Chennai has played a vital role in the evolution of traditional and contemporary art in India.

Lalit Kala Akademi, at Greams Road, holds regular exhibitions of works by established and emerging artists.

The Cholamandal Artists' Village is a centre of art and craft where artists and sculptors work in their own studios to supplement their income from the sale of paintings or sculptures. A permanent gallery attracts visitors throughout the year.

Chennai has produced some of the finest artists in India like K.C.S. Panicker, K.M.Adimoolam, A.V. Ilango, R.B. Bhaskaran, R.M. Palaniappan and N. Radhakrishnan.

Emerging artists including Aparajith, Benita Perciyal, Sivabalan, Cheenu Pillai, Sheela Maradi and Ramasuresh have made a name for themselves.

People

The majority of residents in Chennai are native Tamilians and descendants of settlers from different part of Tamil Nadu. There are also sizeable migrant Telugu, Malayalee, Sri Lankan Tamil communities in the city. A regional hub since British times, other prominent communities are the Anglo Indian, Bengali, Punjabi, Gujarati and Marwari communities and people from Uttar Pradesh and Bihar. Chennai also has a growing expatriate population especially from the United States, Europe and East Asia who work in the industries and IT centres.

Tamil is the city's first language. English is spoken widely in South Chennai and Central Chennai, (Kanchipuram and Chennai districts) and is used almost exclusively in business, education and other white collar professions. Tamil spoken in Chennai uses English words liberally, so much so that it is often called Madras bhashai  (Tamil for "Madras language"). Other languages spoken in the city include Telugu, Malayalam and Urdu and they contribute to the vocabulary of Madras bhashai as well.

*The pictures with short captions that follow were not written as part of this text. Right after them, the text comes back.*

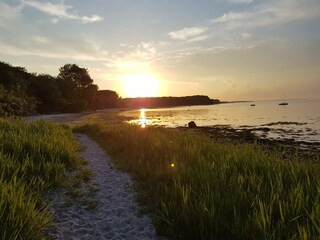 Strand in Ohrfeldhaff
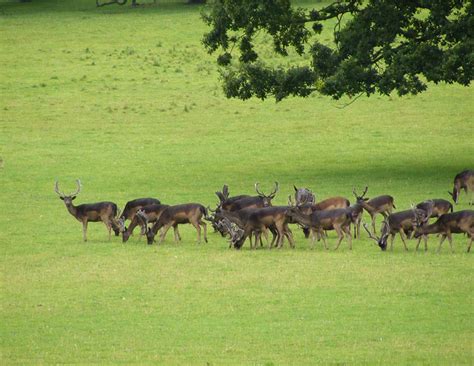 The Gardens & Park - Althorp Estate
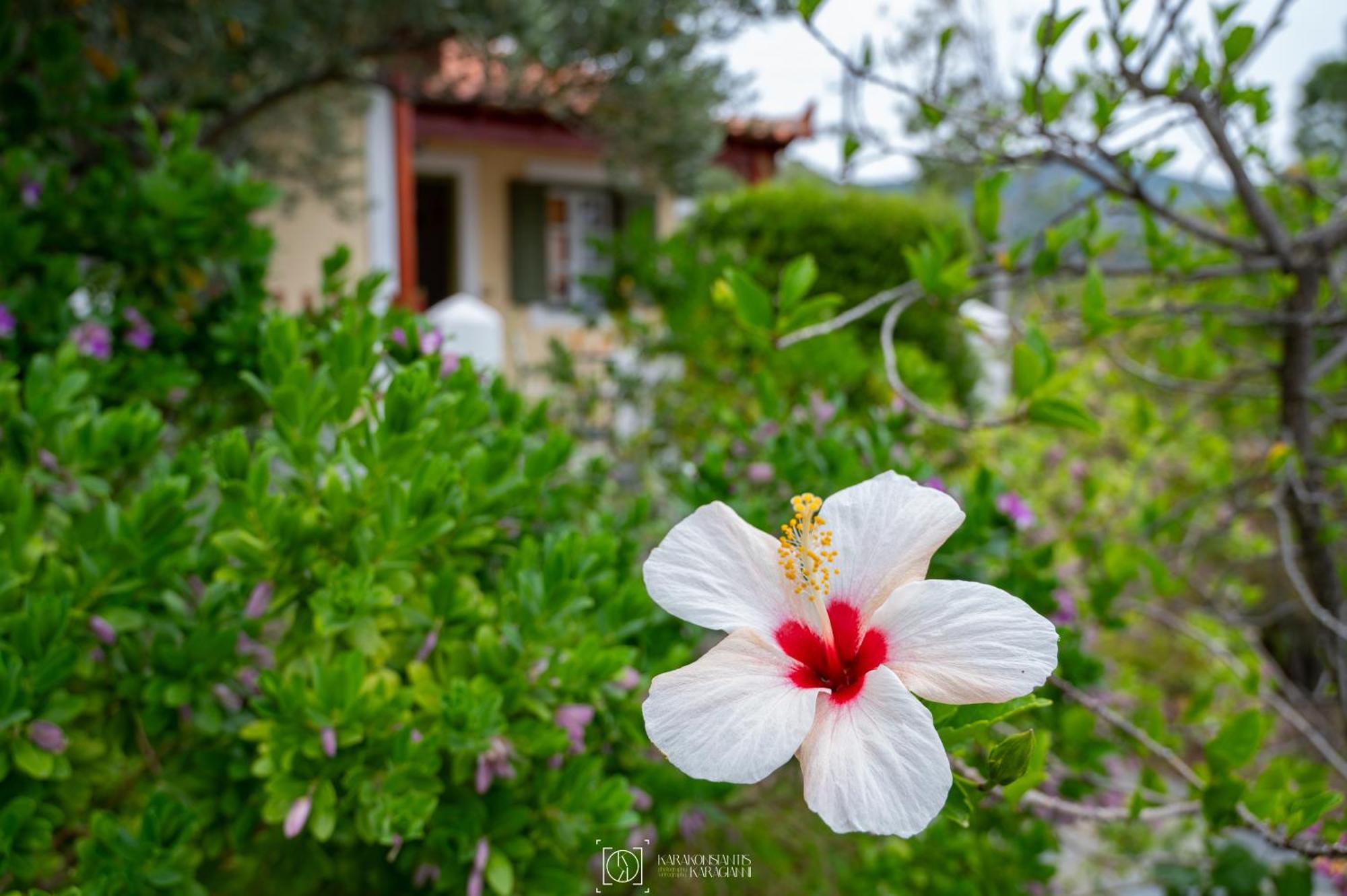 Appartement Pleiades Samos à Marathókampos Extérieur photo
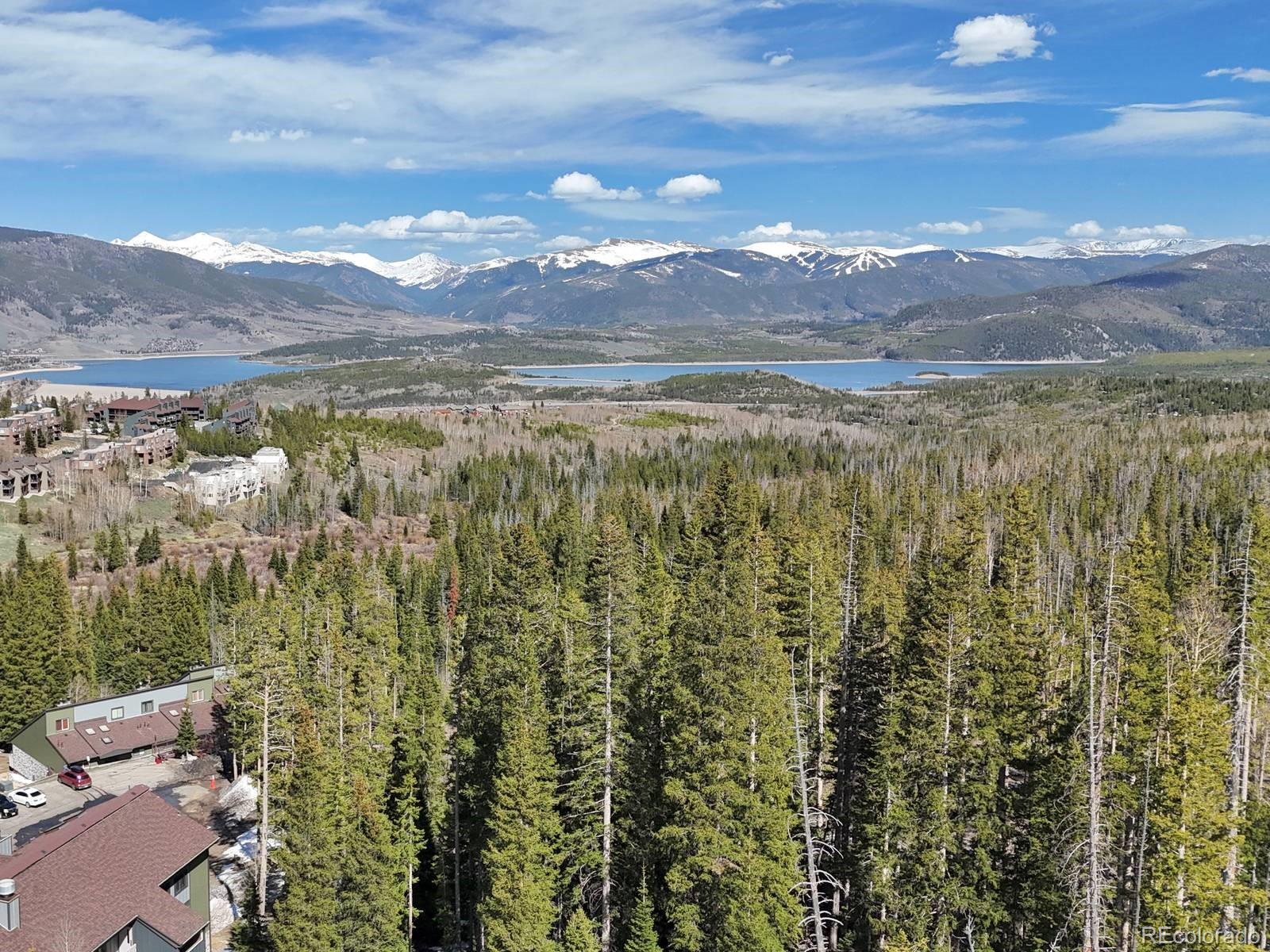MLS Image #22 for 10000  ryan gulch road,silverthorne, Colorado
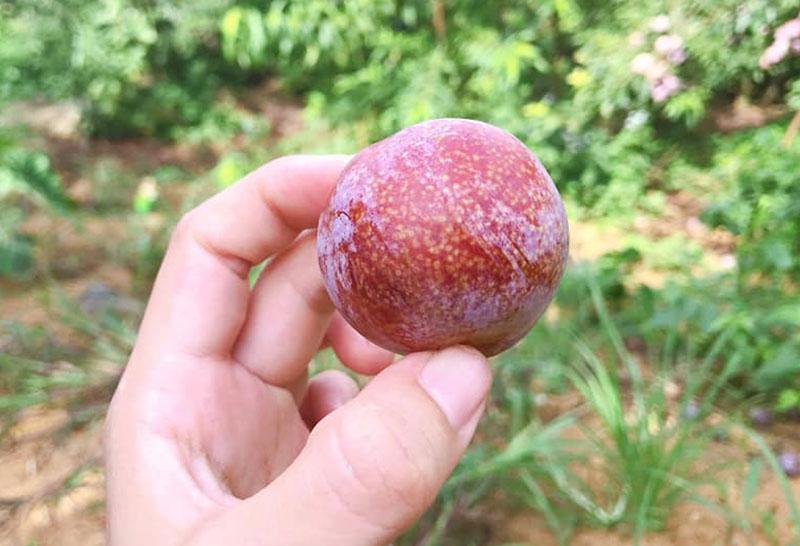 Giữa lúc trái cây rẻ như cho, mận hậu đắt 200 nghìn/kg vẫn ‘cháy hàng’-2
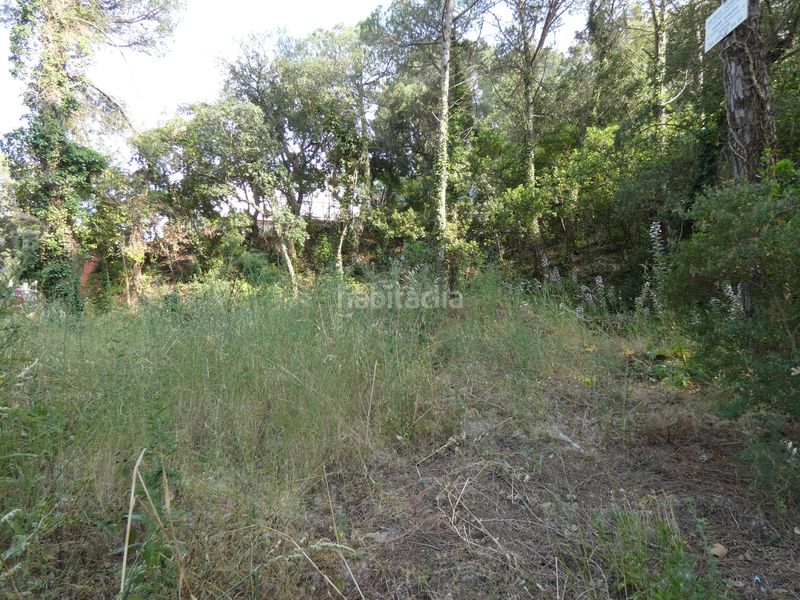 Foto f2f8cafa-2032-4df7-8943-fd4aa16066fd. Terreny residencial a Poble Calonge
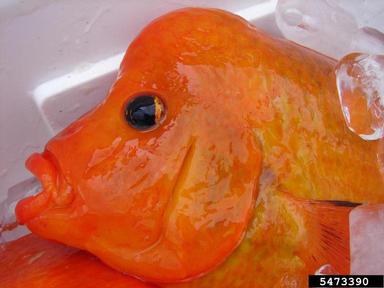 2012 Everglades CISMA Non-native Fish Roundup,    - 5473390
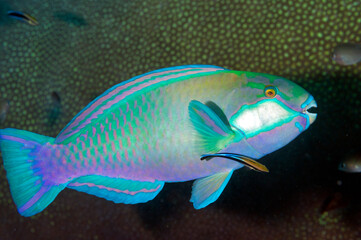 Bleeker's parrot fish, Chlorurus bleekeri, Raja Anpat Indonesia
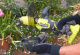 фото Культиватор  Ryobi RY18HCA-0 в Омске
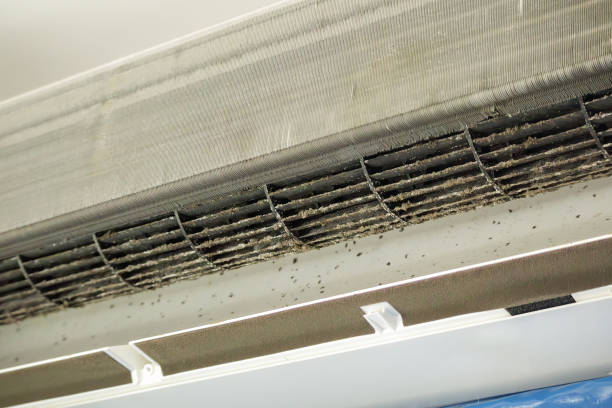 Best Duct Cleaning for Homes  in Raymondville, TX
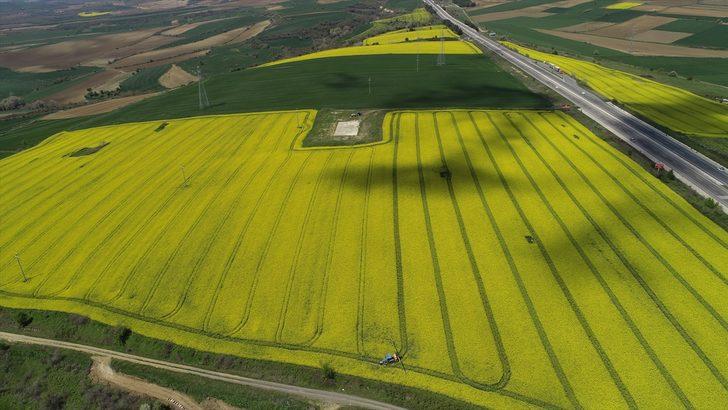 Tekirdağ'da kanola tarlaları kente "sarı bahar"ı yaşatıyor G3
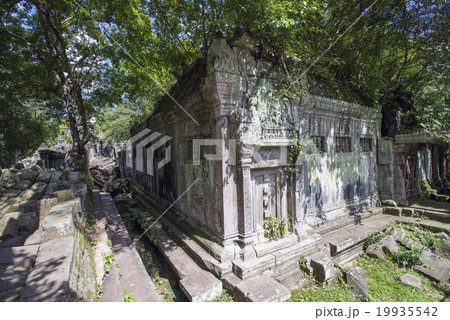 カンボジア　シェムリアップ　ベンメリア遺跡 19935542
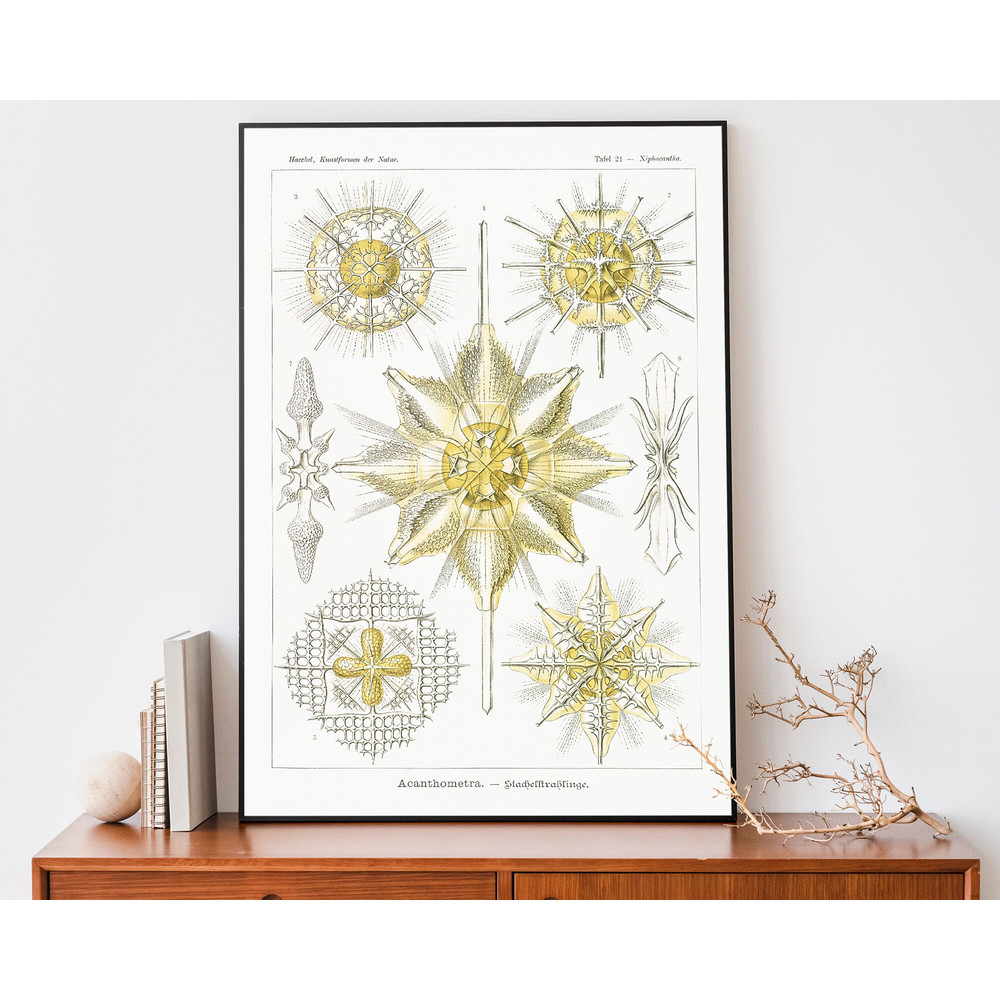 Vintage Ernst Haeckel Art Print, Ocean Poster, Acanthometra Drawing, Scientific Chart, Marine Biology Illustration.jpg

Chennai celebrates a number of festivals. Pongal, celebrated in the month of January, is the most important festival of and is celebrated over a period of five days. Pongal has been designated the "State Festival" for its unique celebration that is typical of Tamil Nadu. Though a harvest festival it is still celebrated widely in the city. Tamil New Year's Day signifying the beginning of the Tamil calendar usually falls on 14 April and is celebrated widely. Being a cosmopolitan city, almost all major religious festivals like Deepavali, Eid and Christmas are celebrated here.